For cases like this, Yoon suggests teachers give students the tools to think like a scientist. Teach them to gather evidence, check sources, deduce, hypothesize and synthesize results. Hopefully, then, they will come to the truth on their own.

This called to mind a post from way back, in which I considered reasons for the survival of antiscientific views.

It’s basically a matter of evolution. When crazy ideas negatively affect survival, they die out. But evolutionary forces are vastly diminished under some conditions, or even point the wrong way:

  1. Non-experimental science (reliance on observations of natural experiments; no controls or randomized assignment)
  2. Infrequent replication (few examples within the experience of an individual or community)
  3. High noise (more specifically, low signal-to-noise ratio)
  4. Complexity (nonlinearity, integrations or long delays between cause and effect, multiple agents, emergent phenomena)
  5. “Unsalience” (you can’t touch, taste, see, hear, or smell the variables in question)
  6. Cost (there’s some social or economic penalty  imposed by the policy implications of the theory)
  7. Commons (the risk of being wrong accrues to society more than the individual)
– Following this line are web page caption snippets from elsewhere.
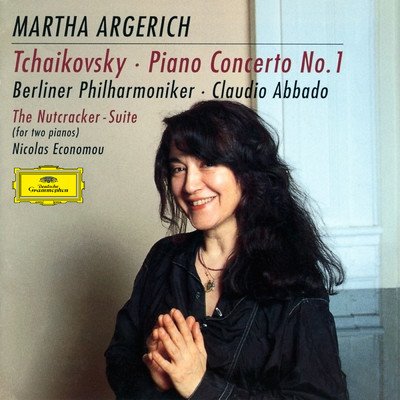 Tchaikovsky: Piano Concerto No. 1; The Nutcracker Suite/マルタ・アルゲリッチ／ニコラス・エコノム／ベルリン・フィルハーモニー管弦楽団／クラウディオ・アバド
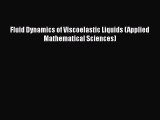 Download Fluid Dynamics of Viscoelastic Liquids (Applied Mathematical Sciences) Ebook Free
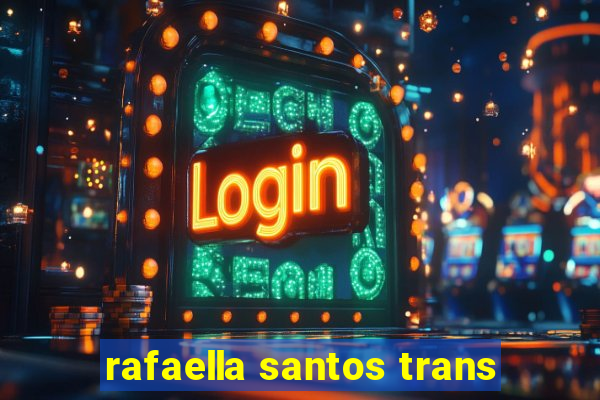 rafaella santos trans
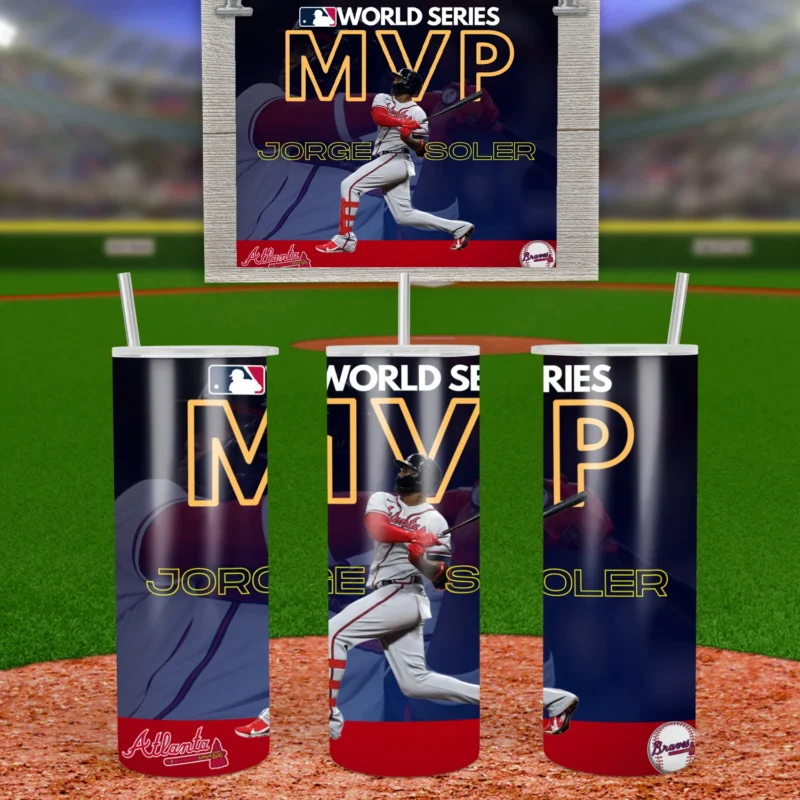 A 20 oz skinny tumbler wrap with large gold MVP lettering, World Series text, Jorge Soler running the bases and the Braves script. Sublimation design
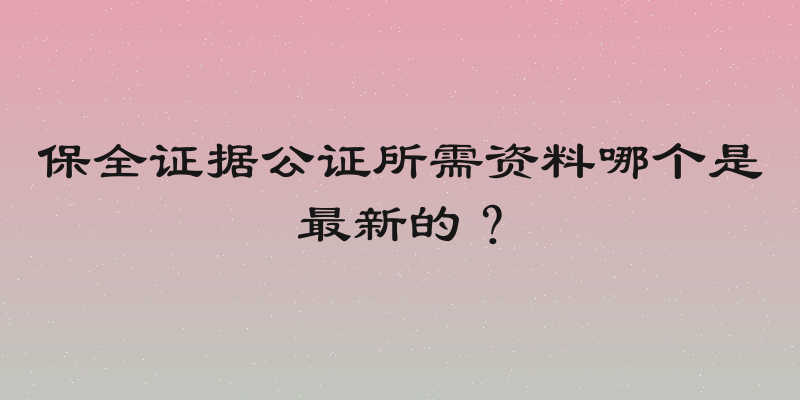 保全证据公证所需资料哪个是最新的？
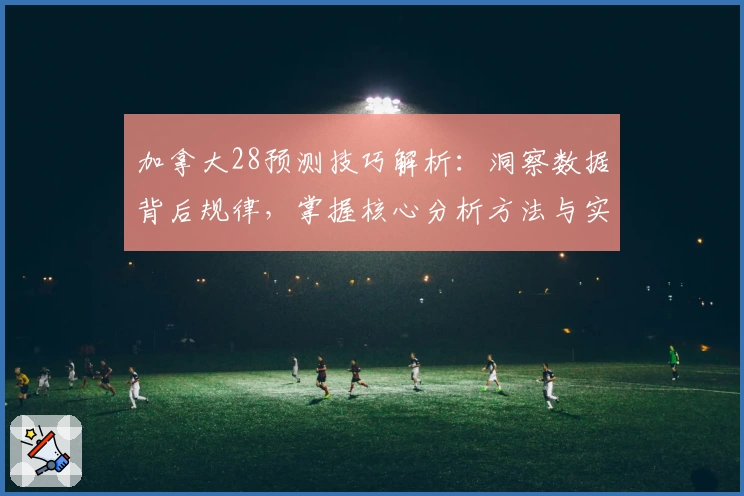 加拿大28预测技巧解析：洞察数据背后规律，掌握核心分析方法与实用操作技巧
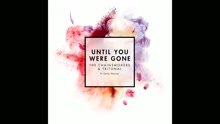 The Chainsmokers,Tritonal - Until You Were Gone (Audio)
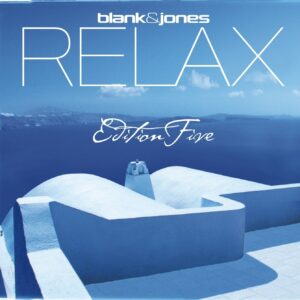 Cover: Blank & Jones – RELAX Edition Five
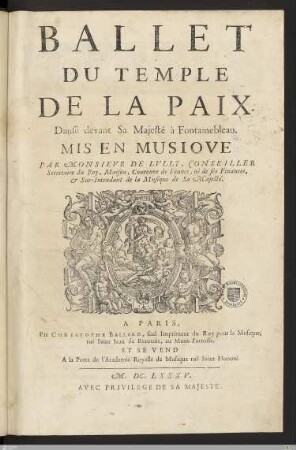 Ballet Du Temple De La Paix : Dansé devant Sa Majesté à Fontainebleau. Mis En Musiqve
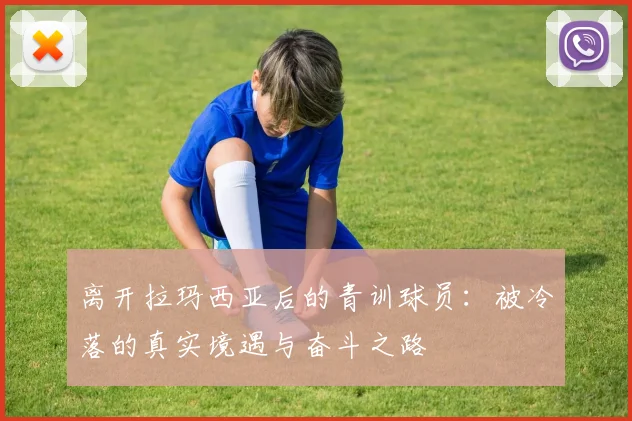 离开拉玛西亚后的青训球员：被冷落的真实境遇与奋斗之路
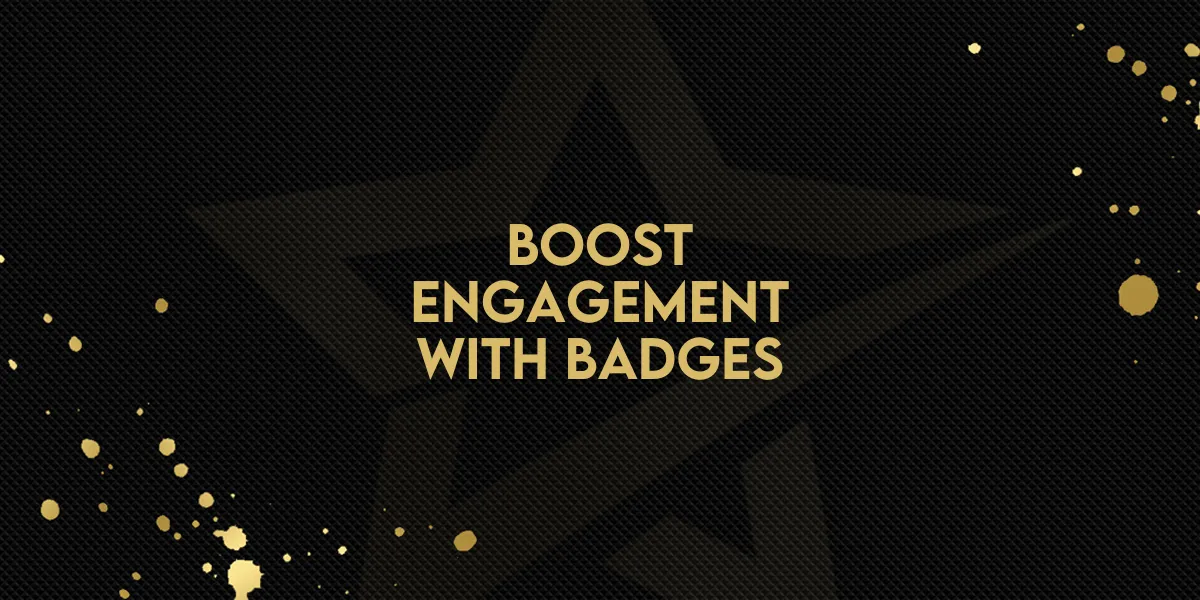 Boost Engagement With Badges!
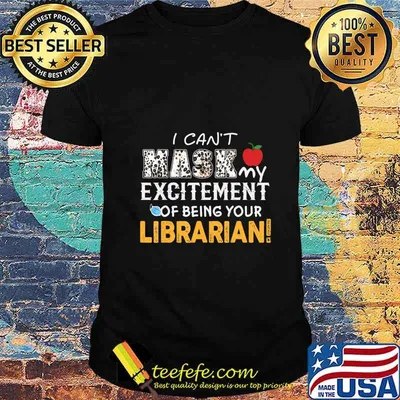 I can't mask my Excitement Of Being Your Librarian! Gift T-Shirt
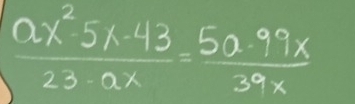  (ax^25x-43)/23-ax = (5a-99x)/39x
These are, incidentally, some of the same circumstances that make medical trials difficult, such that most papers are false.

Consider the flat earth idea. What cost accrues to students who hold this belief? None whatsoever, I think. A flat earth model will make terrible predictions of all kinds of things, but students are not making or relying on such predictions. The roundness of the earth is obviously not salient. So really, the only survival value that matters to students is the benefit of tribal allegiance.

If there are intertemporal dynamics, the situation is even worse. For any resource or capability investment problem, there’s worse before better behavior. Recovering depleted fish stocks requires diminished effort, and less to eat, in the near term. If a correct belief implies good long run stock management, adherents of the incorrect belief will have an advantage in the short run. You can’t count on selection weeding out the “dumb tribes” for planetary-scale problems, because we’re all in one.

This seems like a pretty intractable problem. If there’s a way out, it has to be cultural. If there were a bit more recognition of the value on making correct predictions, the halo of that would spill over to diminish the attractiveness of silly theories. That’s a case that ought to be compelling for basketball fans. Who wants to play on a team that can’t predict what the opponents will do, or how the ball will bounce?